If the user requests a substrate-based antenna on a platform, explain the limitation and suggest either a metal-only alternative or the conformalArray workaround below.

Alternative for Substrate Elements: conformalArray

When you need to analyze a substrate-backed antenna (e.g., pcbStack with FR4) on a platform, use conformalArray instead of installedAntenna. Model the platform as a separate element and place both the antenna and platform geometry in a conformalArray:

freq = 2.4e9;

% 1. Design the PCB antenna element (with substrate)
ant = design(patchMicrostrip, freq);

% 2. Model the phone chassis as a custom metal plate with a feed
chassis = customAntenna(Shape=shape.Rectangle(Length=0.14, Width=0.07));
createFeed(chassis, [0 0 0], 1);

% 3. Place both in a conformalArray
arr = conformalArray;
arr.ElementPosition = [0 0 0.008; 0 0 0];  % antenna above chassis
arr.Element = {ant, chassis};
arr.Reference = "origin";

% 4. Analyze (full-wave MoM -- more expensive but handles substrates)
figure;
show(arr);
figure;
pattern(arr, freq);

Trade-offs vs. installedAntenna:

  • Supports substrate-backed elements (no material restriction)
  • Uses full MoM solver -- accurate but O(N^2) memory
  • Practical for phone/device-sized platforms (a few wavelengths) at sub-6 GHz
  • More manual setup (no SolverType selection, no MoM-PO/FMM hybrid)

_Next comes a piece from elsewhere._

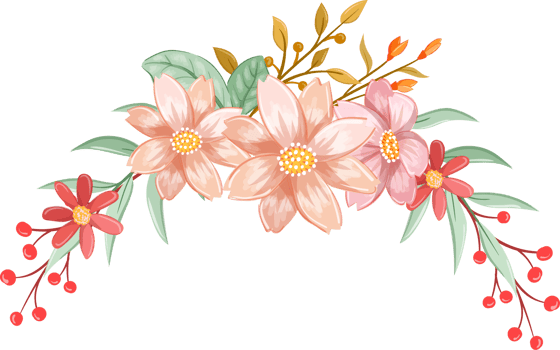 Orange Flower Arrangement with watercolor style png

For multi-antenna/MIMO analysis on a device chassis (isolation, ECC, diversity), see the MIMO / Handset Multi-Antenna Design section in the array design skill.

Single Element

freq = 1e9;
plat = platform(FileName="plate.stl", Units="m");

ant = installedAntenna;
ant.Platform = plat;
ant.Element = design(dipole, freq);
ant.ElementPosition = [0 0 0.1];

Multiple Elements

Install multiple antennas using a cell array for Element and matching rows in ElementPosition. Set ElementPosition before Element -- MATLAB validates that the cell array length matches the number of position rows at assignment time:

ant = installedAntenna;
ant.Platform = plat;
ant.ElementPosition = [0.1 0 0.5; -0.1 0 0.5];  % set positions first
ant.Element = {design(dipole, freq), design(monocone, freq)};
ant.FeedVoltage = [1 2];
ant.FeedPhase = [0 45];

All vectors must match in length: ElementPosition rows, Element cell array, FeedVoltage, and FeedPhase.

Reference Property

  • "feed" (default) -- ElementPosition is relative to each antenna's feed point. Use this for most cases.
  • "origin" -- ElementPosition is relative to the antenna's geometric origin. Use when you need precise control over where the antenna body sits on the platform.

Solver Selection Guide

Solver Best For Mesh Density Accuracy Memory
"MoM-PO" Large open platforms (plates, vehicle panels, reflectors) Less stringent Good (single-bounce PO) Low
"FMM" Large structures needing full-wave accuracy, concave or closed bodies ~10 elements/lambda Full-wave Medium
"MoM" Wavelength-scale structures only ~10 elements/lambda Full-wave O(N^2) -- prohibitive for large platforms

Default to "MoM-PO" unless one of these conditions applies:

  • The platform has concave features or cavities where multiple reflections matter -- use "FMM"
  • The platform is a closed body (fuselage, sphere) and full-wave accuracy is needed -- use "FMM"
  • The platform is wavelength-scale and full-wave accuracy is acceptable -- use "MoM"

MoM-PO (Default)

Hybrid solver: full MoM on the antenna, physical optics on the platform. Best balance of speed and accuracy for the common case of a small antenna on a large open surface.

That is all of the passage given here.